During the Father’s evangelical outreach, He helped sanitise the physical environment of those He evangelised. This strange behaviour or activities generated a ground-swell of curiosity within the community about the person and the attitude of Leader Olumba Olumba Obu, to the extent that He no longer had to go out to preach. Still, people sought after Him at His humble residence, 8 Eton.
The first organised prayer sessions started at Eton with the Holy Father, the Holy Mother, and a few curious and afflicted members who went there with diverse characters and attitudes. As their interest became captivated, long sessions of preaching and healing became inevitable. The Holy Mother had to succour to their hungry mouths; naturally, the provision of feast started. It had a wide variety of dishes. 8 Eton became man’s first step in his spiritual growth. Thus, He was allowed to eat everything: wine, snuff, cigarette, etc. It was a period of man’s tender growth, a period of God’s patience towards the growth of the Kingdom. Today man has grown into a vegetarian.

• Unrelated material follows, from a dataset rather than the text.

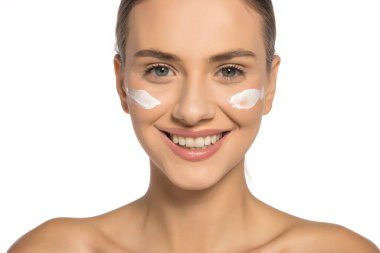 Yüzünde kozmetik ürünüyle poz veren güzel, genç bir kadın.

As the sons of men were accepted into God’s Kingdom through baptism, the natural grouping within the Kingdom became imperative; thus, the Father inaugurated the women’s fellowship with the Holy Mother as the first chairperson. The men’s fellowship followed, and the general fellowship was later founded. A choir naturally sprang up to support Eton’s high level of spiritual activities. With these, the gestation period was completed.
Eton could no longer contend with the surging membership. In appreciation for his redemption, a member acquired a more spacious building at the present 26 Mbukpa Rd, which necessitated the final exodus from 8 Eton Bethel to 26 Mbukpa Bethel on the 8th of August, 1958. At the time of departure, the Father introduced a uniform for members, today known as the soutane, and both male and female members wore the same style. The Father personally used a piece of clothing to teach the sisters how to tie the veil.
It is very significant to state here to state that the procession from 8 Eton Street to 26 Mbukpa Rd was a solemn one which was awe-inspiring, with each member carrying a tilted candle stick, symbolising a movement from darkness to light and redemption from great tribulation.
At that point, the full image and personality of the Brotherhood of the Cross and Star was established. Therefore, in commemorating this epochal event, members must emulate our Father’s example by stepping right into His footprints. This is the essence of this celebration.